Otros autores, con el paso del tiempo, han concentrado sus experiencias
esenciales; Neruda -con buenas razones extraliterarias, sin
duda- las ha diluido en parejas extensiones de verso destinado
a la diatriba o la celebración. Se ha hecho un deber de la cantidad
y de la claridad, como otros se lo han hecho de la calidad,
del nervio, de la hondura. "Las uvas y el viento"

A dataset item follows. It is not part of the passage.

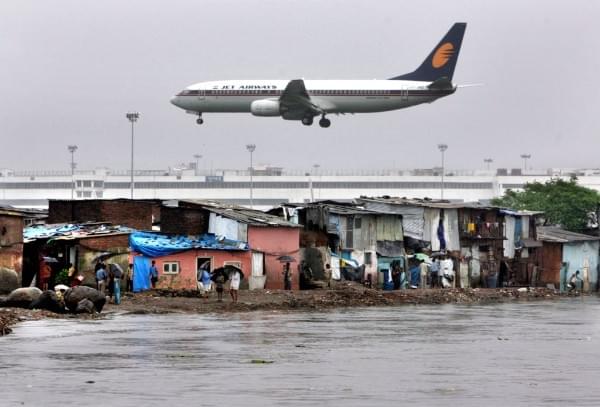Slums near airport at Kranti Nagar, Kurla. (Manoj Patil/Hindustan Times via Getty Images)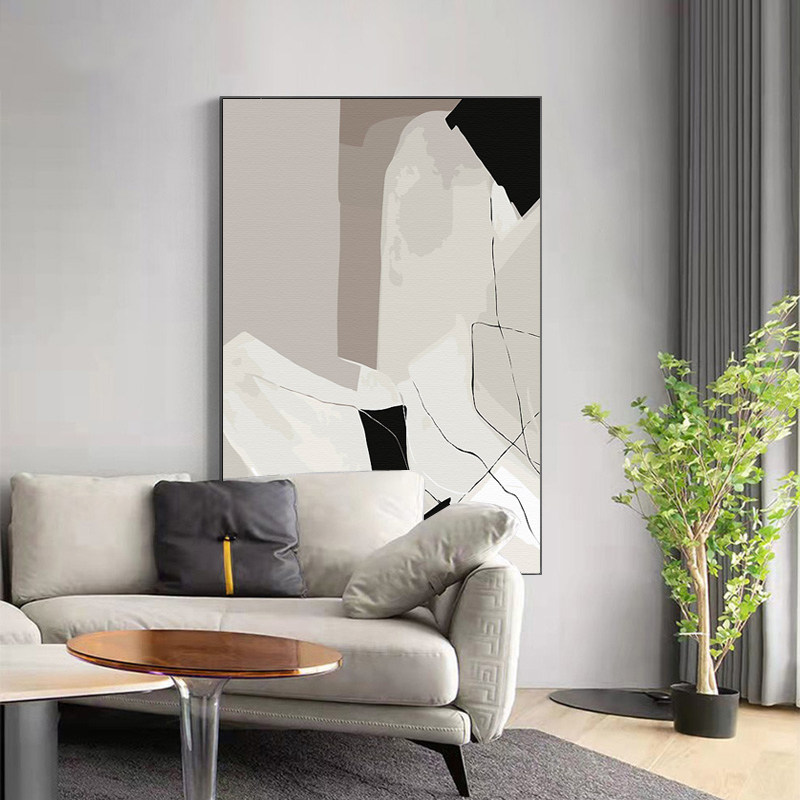 极简轻奢黑白灰数字油彩画diy填充高级感客厅玄关北欧抽象装饰画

(1954), extensa incursión por la actualidad de Europa y Asia,
agrega a las variedades de su estilo un tono de descripción
lírica, de crónica vagabunda, mediante la gracia leve del verso
corto, entrecortado, que tanto frecuentará en adelante. Pero
la densidad se ha perdido ya, y este libro es tan amplio de
diseño y de extensión geográfica como magro o difuso de poesía.
ÉL CICLO
POÉTICO DÉ NERUDA (II)
Los
"Versos del capitán" (1952) representan una tonificación
erótica, una recuperación subjetiva, tras el uso y abuso de
la cuerda cívica. A la vitalidad recobrada de la experiencia
personal, estos versos añaden una sencillez y claridad de buena
ley, una frescura de intuición que presagia el nuevo salto ascendente
de Neruda, las "Odas elementales" (1954). Aquí pisamos
otra vez el suelo firme de la poesía, bajo la forma de un programático
tono menor. En la sabia disposición del verso corto, cortísimo,
en la columna vertical del verso encabalgado, las Odas nos traen
una gracia renovada, un aire festivo y leve, una alegría de
vivir, que vuelve a convocar todos sus dones poéticos, esta
vez en las antípodas de las Residencias: en un mundo luminoso
y simple, donde viven los pequeños seres del canto, la alcachofa,
el átomo, el día feliz, la flor. La naturaleza, que en las Residencias
se desmorona y se pudre, brilla aquí con destellos múltiples
y amistosos; reaparece el sentido telúrico de esta poesía, sólo
que en forma simétricamente contraria al dolor ensimismado de
su juventud. Ésta fuerza se diluye de a poco en las "Nuevas
odas elementales" (1956) y en el "Tercer libro de
las odas" (1957), donde los asuntos empiezan a tornarse
obvios, reiterativos, y el verso corto llega a hacerse monótono.
Otra vez la cantidad.
El
descenso toma vuelo en "Estravagario" (1958), celebrado
libro que, personalmente, estimo muy pobre. El tono ha variado
bruscamente: si todavía es festivo, lo es en dimensión sentenciosa,
autobiográfica, filosofante. Una voluntad coloquial, confesional,
reparte golpes de ingenio y salidas antipoéticas de sabor parriano;
pero el resultado es confuso, frustrado, como chiste a medias;
el prosaísmo es prosa; el verso es par. ticularmente duro, inmóvil:
no avanza. De vuelta en la identidad nerudiana, "Navegaciones
y regresos" (1959) combina poemas de diversa factura con
una nueva serie de odas elementales, que ya no están a la altura
de las primeras. En este punto de su descenso, otra vez el amor
acude a vivificar su inspiración: los "Cien sonetos de
amor" (1959), en continuidad con los "Veinte poemas..."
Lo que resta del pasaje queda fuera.